[Brief descriptive captions]
□ □ □ □
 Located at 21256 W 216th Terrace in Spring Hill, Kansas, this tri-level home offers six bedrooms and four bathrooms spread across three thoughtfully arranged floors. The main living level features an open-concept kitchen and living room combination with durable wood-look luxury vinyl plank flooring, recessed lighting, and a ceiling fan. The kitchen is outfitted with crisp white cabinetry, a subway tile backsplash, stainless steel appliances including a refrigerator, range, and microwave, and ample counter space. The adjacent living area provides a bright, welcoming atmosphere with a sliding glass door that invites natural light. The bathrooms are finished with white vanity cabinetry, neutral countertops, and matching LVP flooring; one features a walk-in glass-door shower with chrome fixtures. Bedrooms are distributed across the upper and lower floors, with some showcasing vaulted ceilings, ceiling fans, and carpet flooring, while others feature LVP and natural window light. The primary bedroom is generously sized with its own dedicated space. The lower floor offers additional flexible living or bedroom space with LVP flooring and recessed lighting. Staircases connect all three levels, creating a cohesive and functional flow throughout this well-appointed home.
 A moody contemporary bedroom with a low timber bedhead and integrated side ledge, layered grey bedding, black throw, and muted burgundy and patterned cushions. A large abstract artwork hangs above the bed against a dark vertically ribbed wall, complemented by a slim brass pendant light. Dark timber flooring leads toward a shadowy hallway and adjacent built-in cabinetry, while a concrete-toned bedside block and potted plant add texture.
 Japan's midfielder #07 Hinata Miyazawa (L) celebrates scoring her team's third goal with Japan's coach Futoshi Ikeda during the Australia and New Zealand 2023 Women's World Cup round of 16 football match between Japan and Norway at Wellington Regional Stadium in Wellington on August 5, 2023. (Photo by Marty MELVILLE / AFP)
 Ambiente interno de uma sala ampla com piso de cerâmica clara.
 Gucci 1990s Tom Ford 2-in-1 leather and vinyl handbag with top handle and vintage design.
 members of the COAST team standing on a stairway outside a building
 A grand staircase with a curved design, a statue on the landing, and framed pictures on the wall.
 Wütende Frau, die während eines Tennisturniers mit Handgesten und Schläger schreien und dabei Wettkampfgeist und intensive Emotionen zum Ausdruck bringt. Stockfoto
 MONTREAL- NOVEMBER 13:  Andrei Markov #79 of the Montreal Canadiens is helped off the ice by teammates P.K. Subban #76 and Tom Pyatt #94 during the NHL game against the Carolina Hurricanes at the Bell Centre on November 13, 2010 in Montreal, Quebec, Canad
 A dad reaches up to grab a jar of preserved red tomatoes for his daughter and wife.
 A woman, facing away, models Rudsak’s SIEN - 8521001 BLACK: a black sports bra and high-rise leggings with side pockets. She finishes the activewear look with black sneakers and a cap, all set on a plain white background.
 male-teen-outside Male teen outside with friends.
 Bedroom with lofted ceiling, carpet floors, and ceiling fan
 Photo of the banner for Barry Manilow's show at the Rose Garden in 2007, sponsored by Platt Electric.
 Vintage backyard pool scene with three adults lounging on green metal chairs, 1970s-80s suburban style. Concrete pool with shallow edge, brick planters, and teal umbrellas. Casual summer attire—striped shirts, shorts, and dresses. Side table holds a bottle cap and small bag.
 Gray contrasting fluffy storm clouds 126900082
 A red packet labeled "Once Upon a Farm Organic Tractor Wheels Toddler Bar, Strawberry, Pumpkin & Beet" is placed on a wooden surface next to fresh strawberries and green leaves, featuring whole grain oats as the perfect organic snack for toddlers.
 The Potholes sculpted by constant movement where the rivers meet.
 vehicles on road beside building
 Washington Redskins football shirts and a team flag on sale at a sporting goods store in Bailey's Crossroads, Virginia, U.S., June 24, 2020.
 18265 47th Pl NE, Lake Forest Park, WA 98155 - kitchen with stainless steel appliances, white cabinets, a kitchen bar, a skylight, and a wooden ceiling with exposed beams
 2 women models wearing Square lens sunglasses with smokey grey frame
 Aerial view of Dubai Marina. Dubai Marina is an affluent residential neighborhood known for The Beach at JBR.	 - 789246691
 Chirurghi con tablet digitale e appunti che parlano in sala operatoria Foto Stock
□ □ □ □
# PROBLEM DESCRIPTION
Please determine the number of lines in the records above that include the string "green", and answer with that number only.

# YOUR RESPONSE
2